Kayley Berger – UCI Law J.D. and M.B.A. Student – Awarded Second Place in Criminal Record Policy Essay Competition


Photo of Kayley Berger

The University of California, Irvine School of Law (UCI Law) is thrilled to announce that Kayley Berger (J.D./M.B.A Class of 2022) is the second-place winner in the third annual Criminal Record Policy Essay Competition. The competition, sponsored by The Foundation of Continuing Justice and the Law Firm of Higbee & Associates, is intended to expand the awareness of the consequences of criminal records and the laws that govern their retention, dissemination and expungement, as well as to encourage research into the ways to improve related laws.

Kayley's paper, "Automatic Expungement Should Be Provided for All Eligible Convictions Prior to January 1, 2021 in California," focused on the burden of expungement and argued how it should not be placed on the individual to petition the court, but rather on the state to automatically expunge all eligible criminal records.

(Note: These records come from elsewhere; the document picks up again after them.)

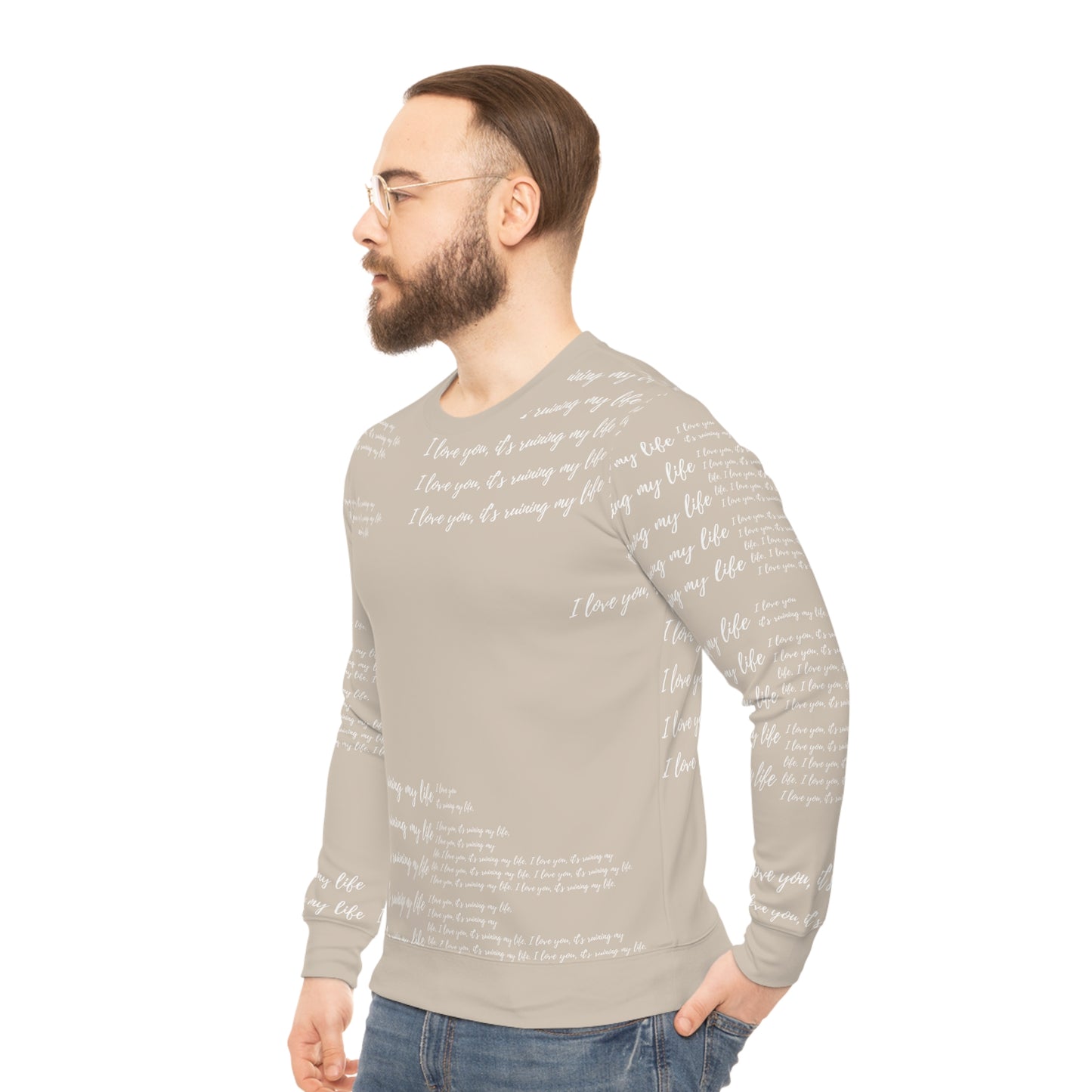 I love you - Lightweight Sweatshirt Men's Sizing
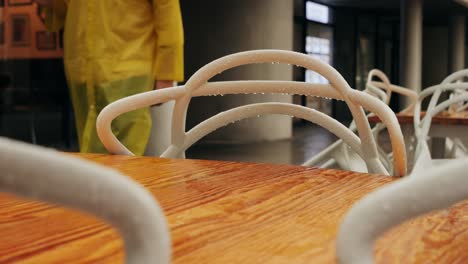 outdoor furniture in the rain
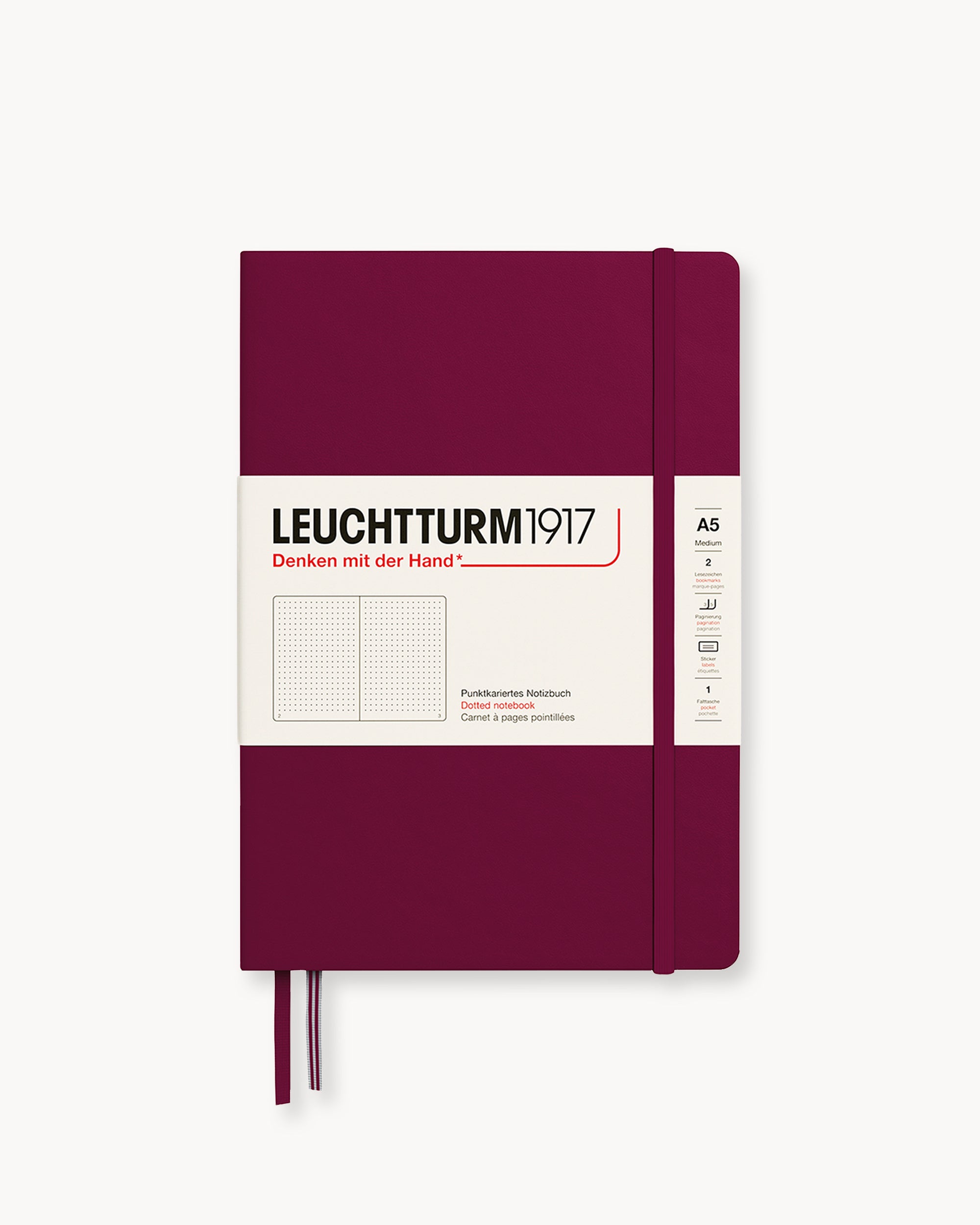 Leuchtturm1917 Hardcover Notebook Classic, pontozott lapos, Medium (A5) – Port Red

Article Abstract: Expungement has become an onerous process for individuals when it should be a burden placed on the state. This Article argues that California should embrace the Clean Slate Initiative not just for convictions and arrests after January 1, 2021 but work to automatically expunge all eligible criminal records that currently reside in the state’s criminal record databases. The process should be retroactive. This will not only help free up legal-aid clinics’ time for the most complicated cases, but it will also benefit the judicial economy. Furthermore, California, in effect, has already done this in regard to past marijuana convictions as automatic expungement under AB 1793 (Cal. Health & Safety Code § 11361.9) applied to all past convictions and not only those after a specified future date. This Article argues AB 2978, which extends the retroactive procedure used in marijuana convictions to all convictions eligible for expungement, should be passed.